Washington, D.C. 20549
The Honorable Mark W. Olson
Public Company Accounting Oversight Board
1666 K Street, N.W.
Washington, D.C. 20006
Dear Chairmen Cox and Olson:
Just a few years ago, the trust and confidence of the American people in their financial markets was seriously eroded by the emergence of a series of corporate accounting scandals. The Sarbanes-Oxley Act of 2002 helped restore confidence in our capital markets and increasing accountability to the corporate governance of public companies.
We support the efforts of the U.S. Securities and Exchange Commission (SEC) and the Public Company Accounting Oversight Board (PCAOB) to ease the regulatory burden of Section 404 of the Act by issuing new interpretative guidance on internal controls for small public companies. We believe these final proposals will help to reduce the costs, and the time, that small public companies spend complying with Sarbanes Oxley Act of 2002.

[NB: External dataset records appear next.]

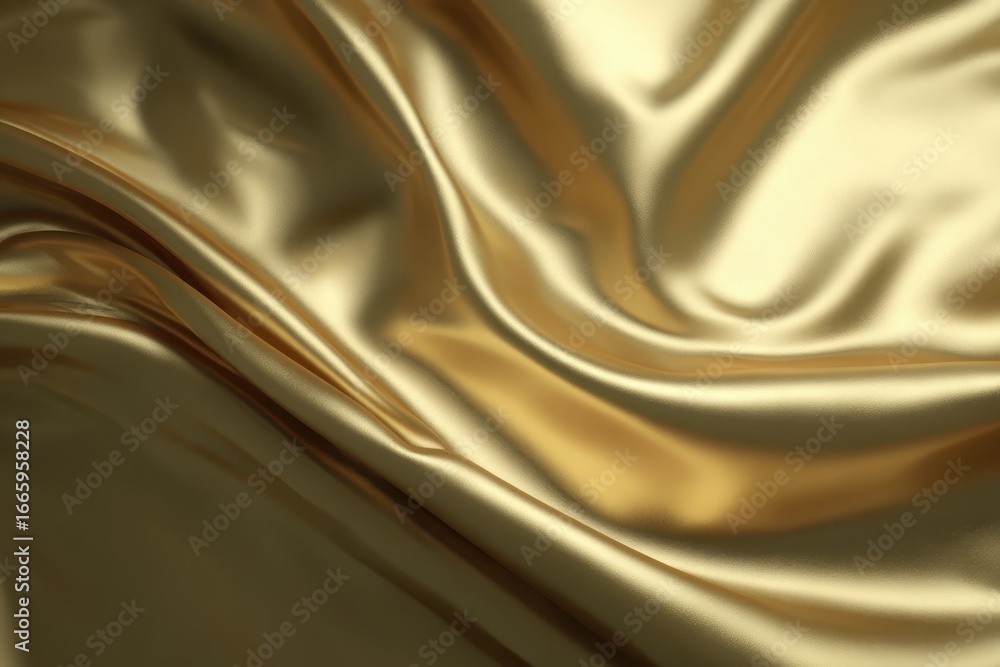 Poster smooth golden fabric drapes gracefully, reflecting light and creating a luxurious aesthetic suitable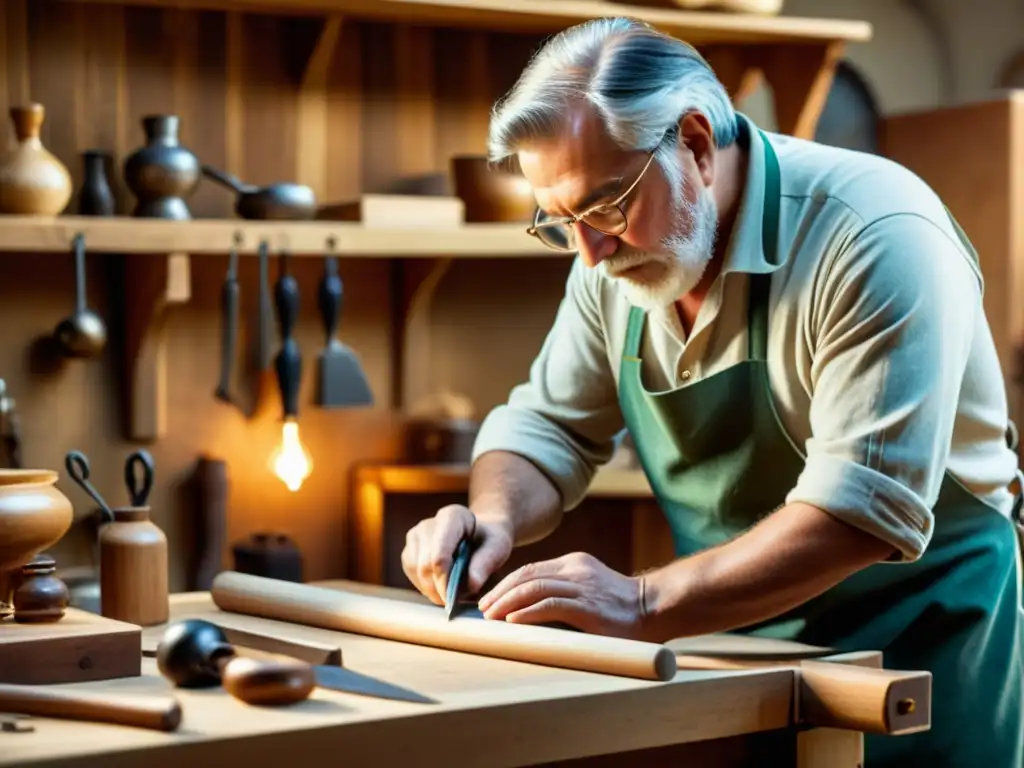 Un hábil artesano trabaja meticulosamente en su banco de trabajo de madera, creando una pieza tradicional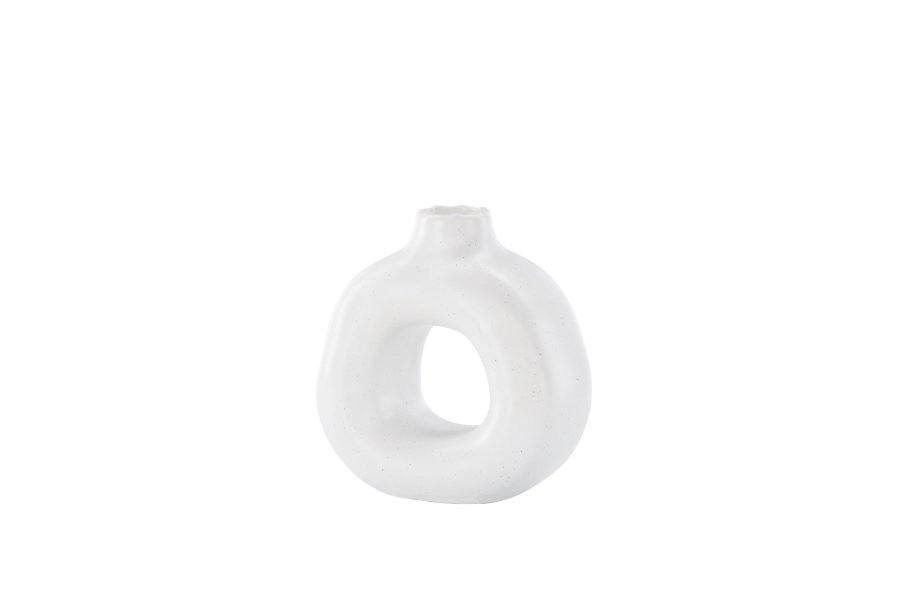 VENTURE DESIGN Judi lysestage - hvide/sorte prikker stentj (13x6x13H)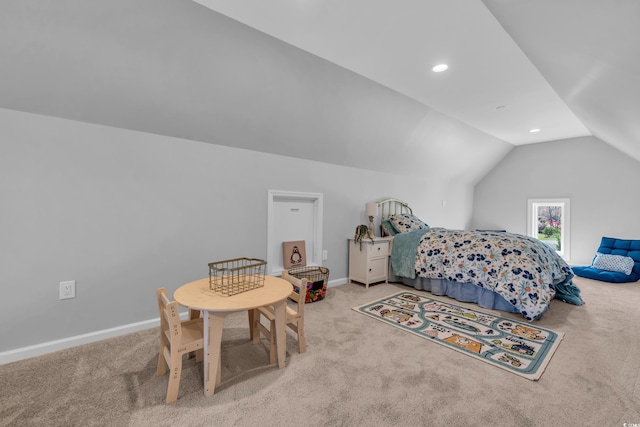 bedroom with baseboards, carpet flooring, recessed lighting, and lofted ceiling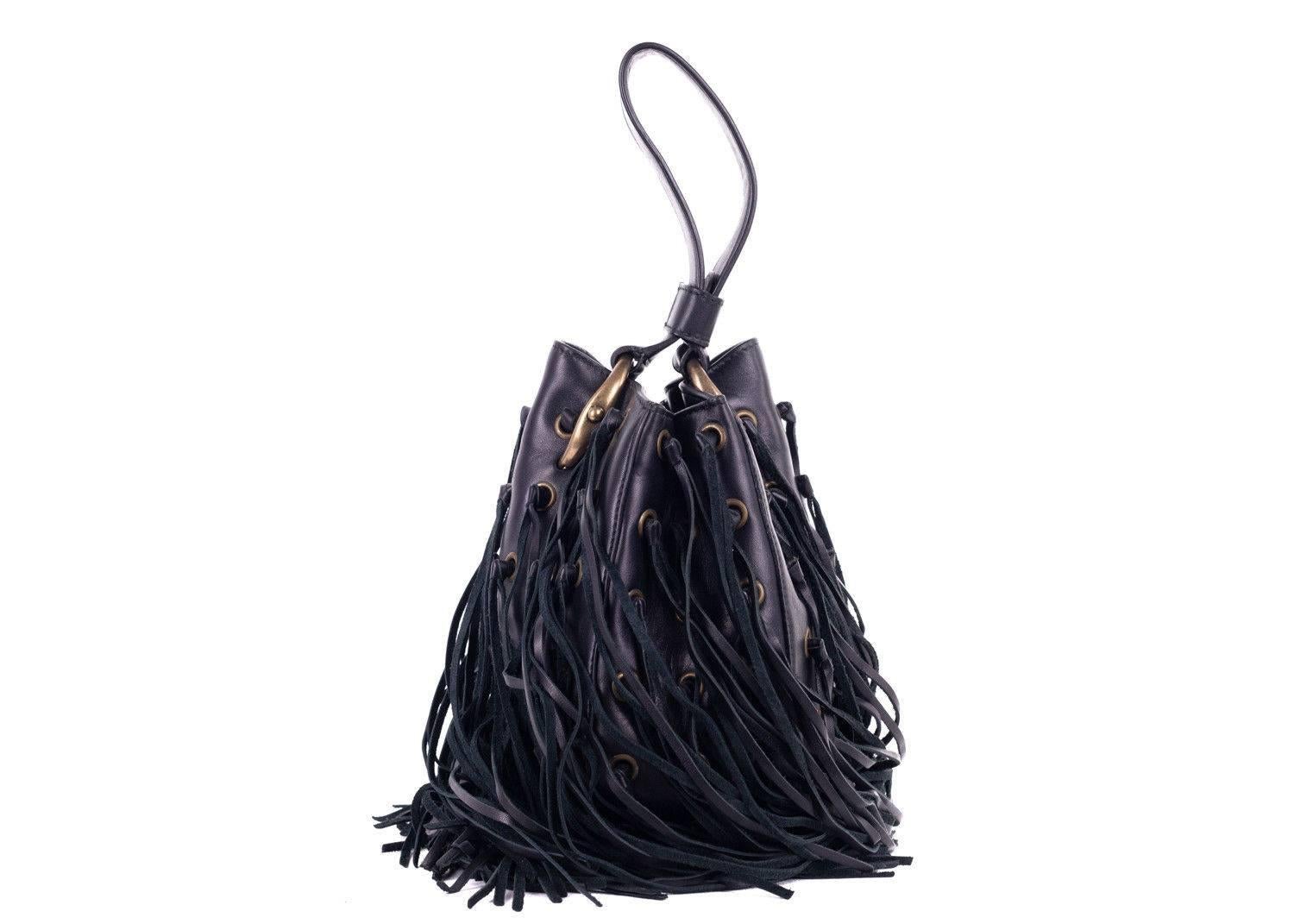Roberto Cavalli Black Leather Eyelet Fringe Wristlet Bucket Bag In New Condition For Sale In Brooklyn, NY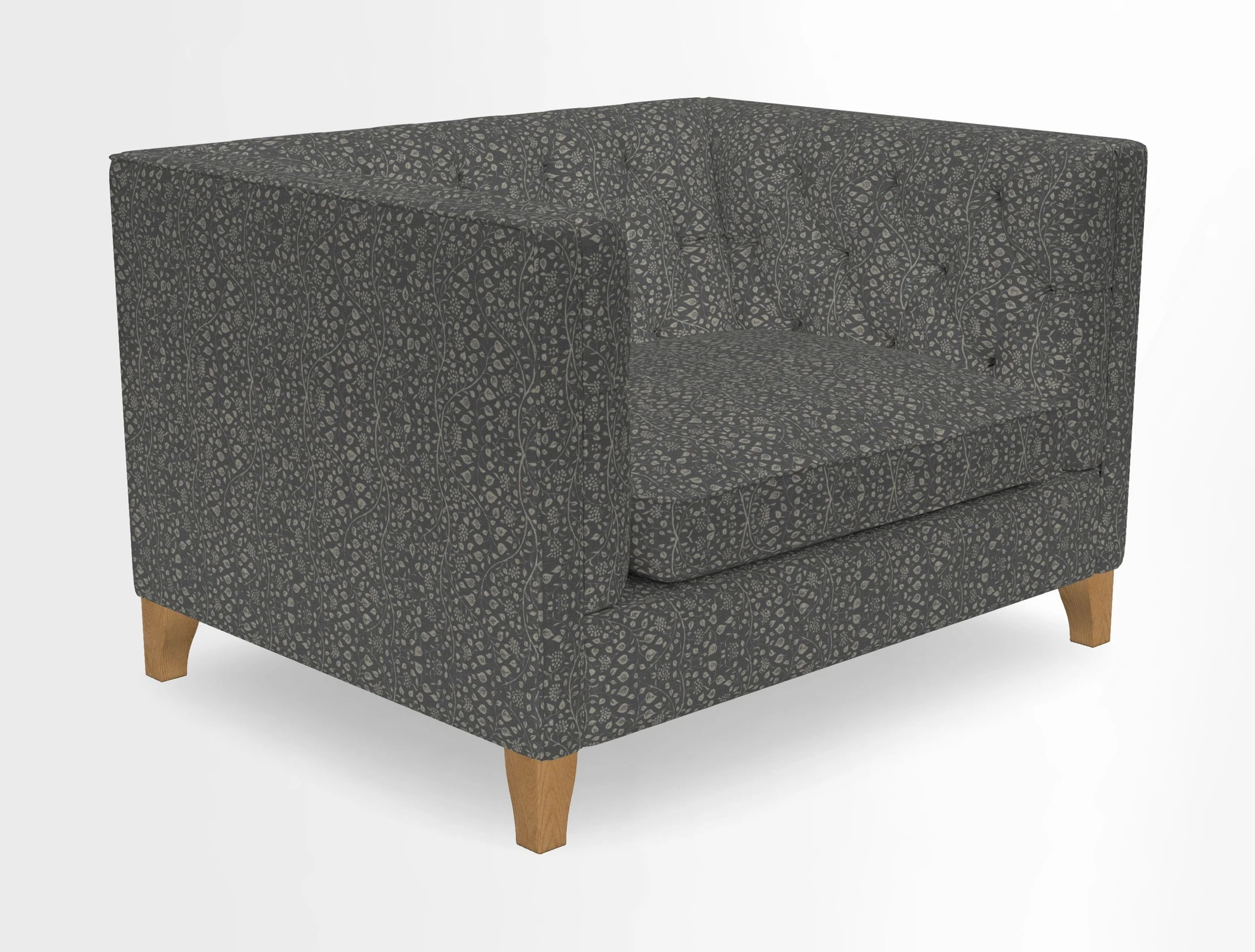 Haresfield Snuggler Dipped Arms in Mohair Lichen Seat Cushion in RHS Gertrude Jekyll Meadow Flower Olive and Scatters in RHS Gertrude Jekyll Folklore Olive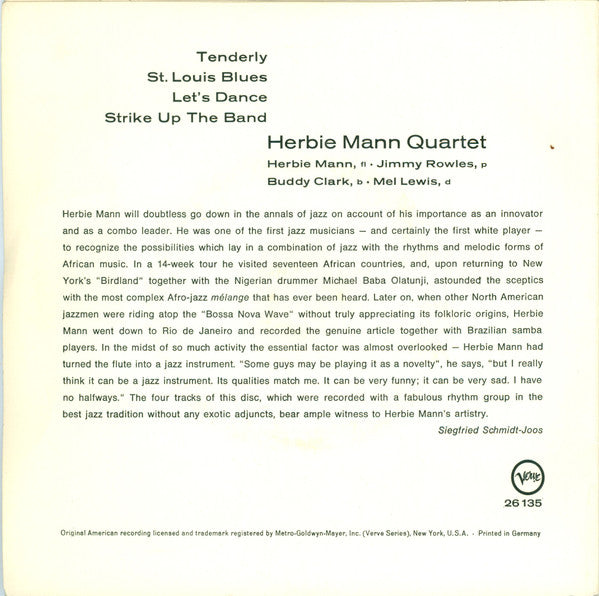 Herbie Mann : St. Louis Blues / Let's Dance / Tenderly / Strike Up The Band (7", EP)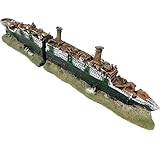 GOLOMOZ Aquarium Titanic Schiffswrack Ornament – Dekoration Höhle für Aquarium, versunkenes Schiff, Aquarium-Dekoration, 36,7 cm lang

However, as these rules have not yet been finalized, we respectfully request that the implementation date of Section 404 for small public companies be delayed for up to one additional year from the date that both the SEC and the PCAOB issue their final Section 404 guidance. We believe this extension will provide small public companies the appropriate amount of time needed to comply with these new compliance and auditing standards.
If the SEC chooses to defer these implementation dates for an additional year, it is our understanding that calendar year filers would have until the 2008 annual report to file their management internal control reports and until the 2009 annual report to file the auditor's attestation report. This additional time would make it easier for many small businesses to make the transition to the new internal controls requirements.
Additionally, we also request that the SEC and PCAOB carefully consider all comments by small public companies, especially non-accelerated filers, before setting a final implementation date for the new auditing standards. We believe the comments made by small businesses concerning the proposed rules will give the SEC and the PCAOB the best guidance as to the amount of time non-accelerated filers will require to appropriately implement the new compliance and auditing standard.
In making these requests, we acknowledge the SEC’s previous postponement of the date by which smaller public companies were required to comply with the Act’s internal control reporting requirements. We believe this extension was wise and appreciate the SEC’s willingness to respond to the needs of small issuers.
Small public companies are vital participants of U.S. capital markets as well as critical components of future economic growth and high-wage job creation. However, according to a recent United States Government Accounting Office study, the cost of compliance and the time needed for small public companies to comply with the Sarbanes-Oxley regulations has been disproportionately higher than for large public companies.
While most large companies are effectively dealing with Sarbanes-Oxley’s changes, many small public companies continue to have difficulties in complying with the Act’s moving auditing standards. Published reports show the number of restatements of financial results for large companies declined by approximately 20 percent in 2006. Inversely, small public companies, with assets of less than $75 million, saw the number of restatements increase by 42 percent in 2006. This increase demonstrates the additional costs and burdens small businesses face as they continue to update their internal control processes while they await the final SEC and PCAOB guidance governing these controls.
We urge the SEC to consider giving small public companies this much needed extension. We believe this process will help reduce the costs and increase the attractiveness for small public companies to participate in United States capital markets. Ultimately, our sensitivity to the needs and concerns of smaller public companies will help promote the strength of the U.S. economy and enable dynamic private firms to grow by helping them become thriving, innovative public companies.
Thank you in advance for your consideration of this request.